De kantonrechter zal de door [partij A] gevorderde dwangsom opleggen, maar deze beperken tot € 25,00 per dag(deel) dat [partij B] het hangslot niet van de toegangsdeur van de schuur heeft verwijderd en verwijderd houdt met een maximum van € 5.000,00. De dwangsom zal pas voor het eerst worden verbeurd als [partij B] twee dagen na betekening van het vonnis aan hem, het hangslot niet verwijderd heeft en verwijderd houdt.
Geen belang
5.23.
[partij A] vordert een verklaring voor recht dat [partij B] de huurovereenkomst dient te respecteren en dient na te komen.
5.24.
In artikel 303 van boek 3 BW is bepaald dat aan iemand geen rechtsvordering toe komt zonder belang. Van een belang is sprake als er voldoende is om de rechtsvordering te rechtvaardigen.
5.25.
[partij A] vraagt een verklaring voor recht die naar zijn aard ziet op toekomstige gebeurtenissen. Deze gebeurtenissen zijn echter afhankelijk van de gedragingen van partijen die de kantonrechter op dit moment niet kan beoordelen. Op grond van de wet is iedere partij bij een overeenkomst gehouden de verplichtingen uit de overeenkomst na te komen. Indien een partij die verplichtingen niet nakomt, dan is het aan de andere partij om die partij hierop aan te spreken en al dan niet met tussenkomst van de rechter nakoming af te dwingen.
5.26.
De kantonrechter wijst de door [partij A] gevorderde verklaring voor recht als genoemd in 5.23 dan ook af.
Proceskosten
In conventie
5.27.
[partij B] is in conventie grotendeels in het ongelijk gesteld en moet daarom de proceskosten betalen.

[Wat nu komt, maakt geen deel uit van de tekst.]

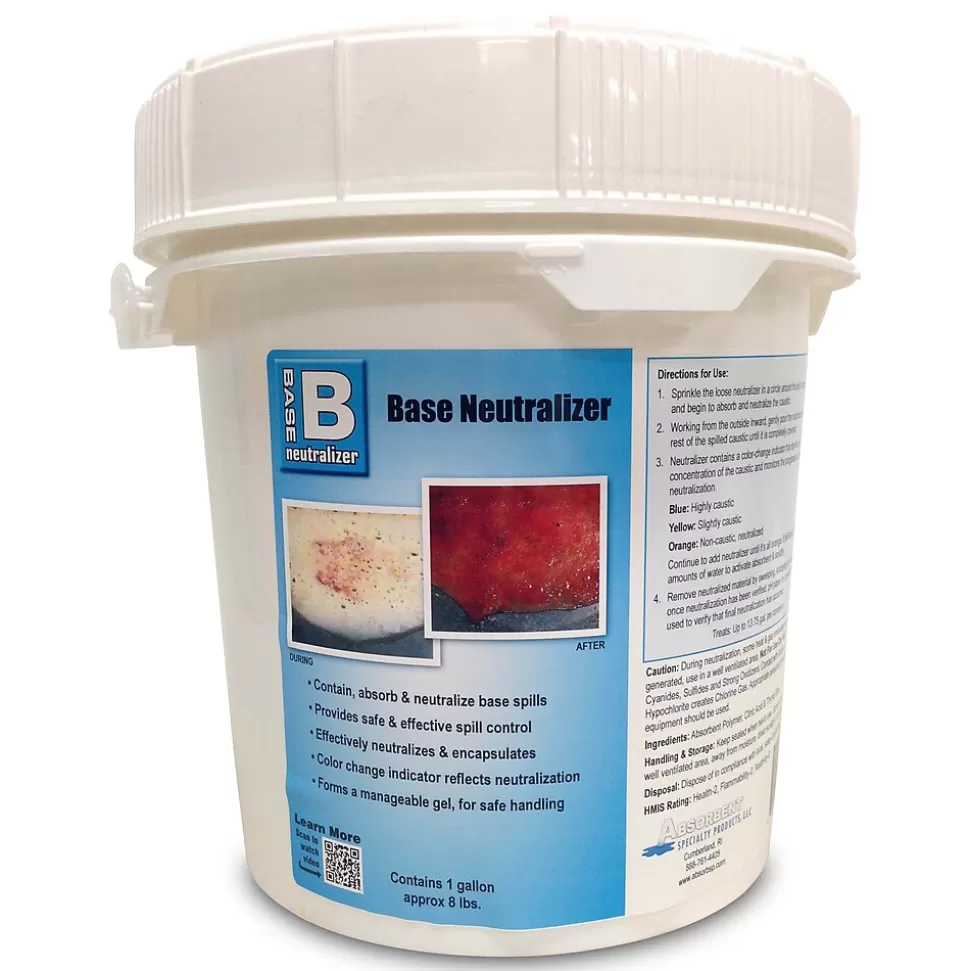 Base Neutralizer Powder, 1 Gallon Pail (BASE1) Discount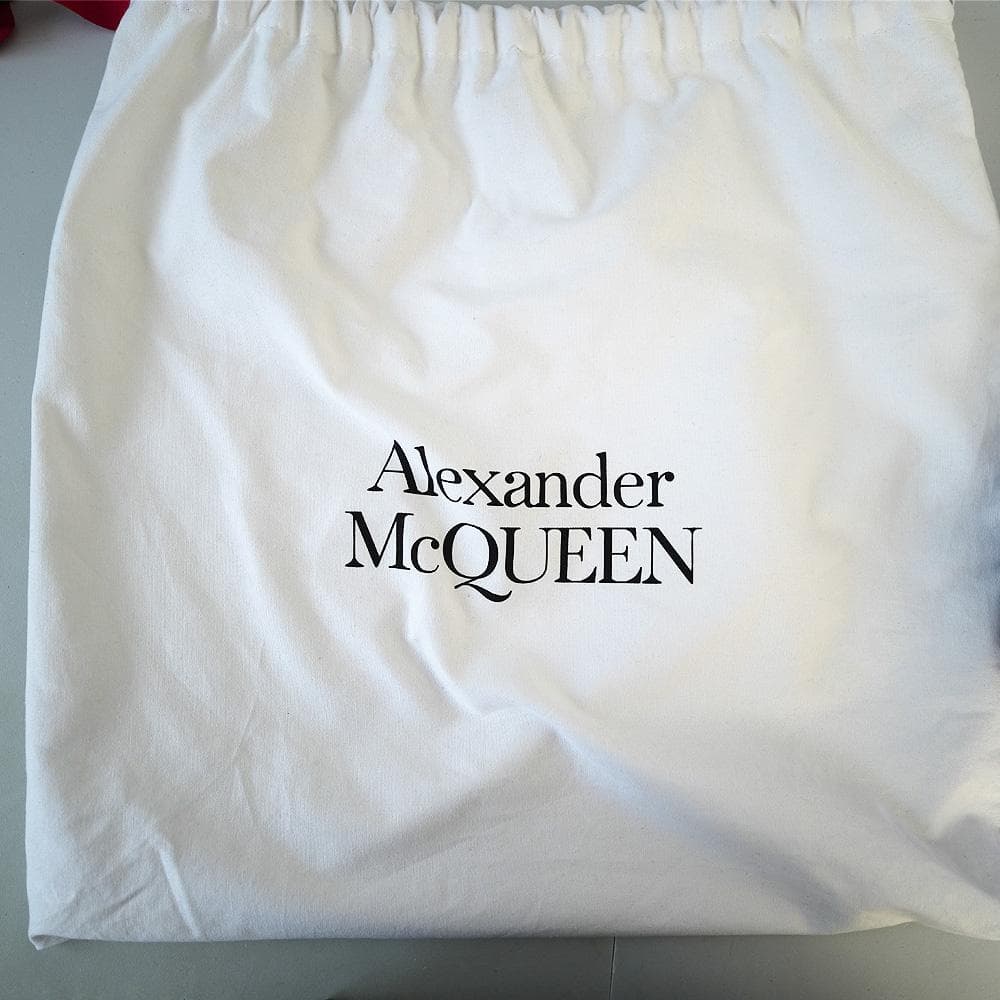 ALEXANDER McQUEEN The Bow 2WAY BAG ブルー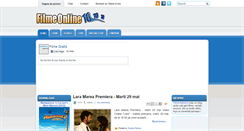 Desktop Screenshot of filmeonline10.blogspot.com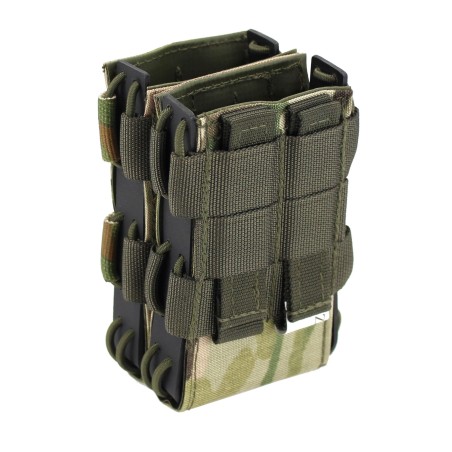 Double magazine pouch for M4 / M16 / and 5.56mm Nato magazines.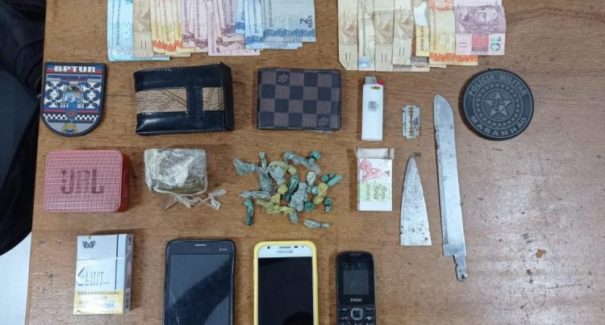 Presos suspeitos de traficarem drogas em Atins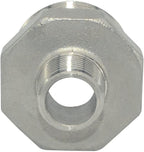 1-1/4" x 1/2" Male Threaded Reducing Nipple Fitting/Adapter,Stainless Steel SS304 NPT Pipe Hex Reducer
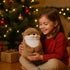12 inches WEIGEDU Otter Stuffed Animals Sleeping Plush Toys with Embroidered Eyes for Boy Girl Kids Birthday Christmas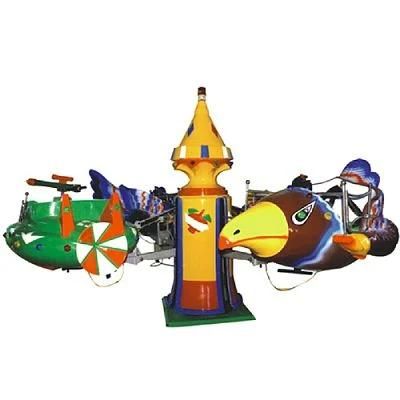 Newest Design Outdoor Playground Merry-Go-Round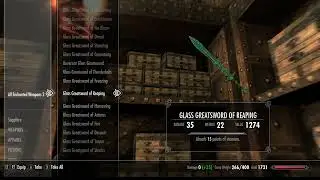 Glass Greatsword of Reaping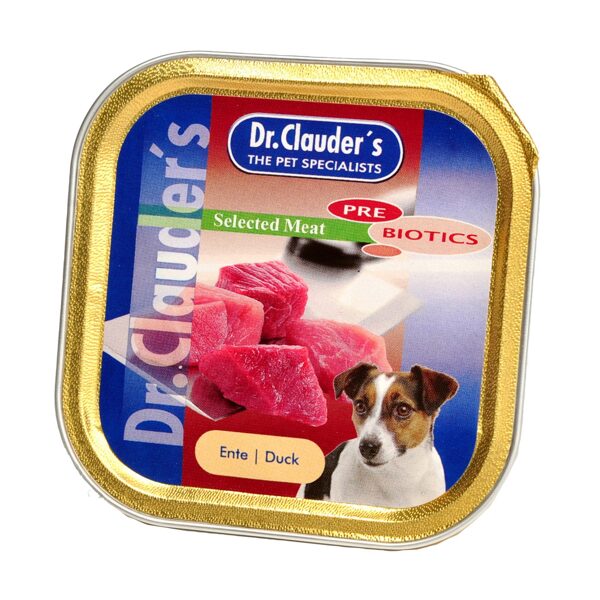 Dr.Clauder's PreBiotics Selected Meat Duck 100g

Omdat [partij A] heeft geprocedeerd op basis van een toevoeging, zal [partij B] niet worden veroordeeld tot betaling van de explootkosten en betekeningskosten
.De proceskosten van [partij A] in conventie worden tot en met dit vonnis vastgesteld op:
- griffierecht
87,00
- salaris gemachtigde
160,00
(2,00 punten × € 80,00)
Totaal
247,00
In reconventie
5.28.
[partij B] is in reconventie in het ongelijk gesteld en moet daarom de proceskosten betalen. De proceskosten van [partij A] in reconventie worden tot en met dit vonnis vastgesteld op:
- salaris gemachtigde
80,00
(1,00 punten × € 80,00)

6.De beslissing

De kantonrechter
in conventie
6.1.
verklaart voor recht dat er per datum dagvaarding sprake is van een huurovereenkomst tussen [partij B] en [partij A] voor een woning met aanhorigheden aan de [adres 1] en een schuur,
6.2.
verklaart voor recht dat [partij A] per datum dagvaarding niet gehouden is om een hoger bedrag aan [partij B] te betalen dan bij aanvang van de huurovereenkomst is overeengekomen,
6.3.
verklaart voor recht dat [partij A] per datum dagvaarding geen betalingsverplichtingen jegens [partij B] heeft met betrekking tot de geldbedragen die [partij B] in zijn brieven aan [partij A] stelt te hebben,
6.4.
verklaart voor recht [partij B] gehouden is om [partij A] op grond van de huurovereenkomst het ongestoord huurgenot te verschaffen van de woning, het terras/zitje, de parkeerplaats en de schuur,
6.5.
veroordeelt [partij B] om binnen twee dagen, na dagtekening van dit vonnis, het hangslot dat door [partij B] is bevestigd aan de toegangsdeur van de schuur te verwijderen en verwijderd te houden,
6.6.
veroordeelt [partij B] om aan [partij A] een dwangsom te betalen van € 25,00 voor iedere dag of gedeelte daarvan dat hij niet aan de verplichting voldoet om na betekening van het vonnis binnen twee dagen het hangslot aan de toegangsdeur van de schuur te verwijderen en verwijderd te houden, tot een maximum van € 5.000,00 is bereikt,
6.7.
veroordeelt [partij B] tot betaling van de proceskosten die de kantonrechter aan de kant van [partij A] tot en met dit vonnis vaststelt op € 247,00,
6.8.
veroordeelt [partij B] tot betaling van € 20,00 aan nakosten, voor zover daadwerkelijk nakosten door [partij A] worden gemaakt,
6.9.
verklaart dit vonnis wat betreft de onder 6.6, 6.7 en 6.8 genoemde beslissingen uitvoerbaar bij voorraad,
6.10.
wijst het meer of anders gevorderde af.
in reconventie
6.11.
wijst het gevorderde af,
6.12.
veroordeelt [partij B] tot betaling van de proceskosten die de kantonrechter aan de kant van [partij A] tot en met dit vonnis vaststelt op € 80,00,
6.13.
verklaart dit vonnis wat betreft de onder 6.12 genoemde beslissing uitvoerbaar bij voorraad.
Dit vonnis is gewezen door mr. J.A.M. Egberink en in het openbaar uitgesproken op 23 april 2024.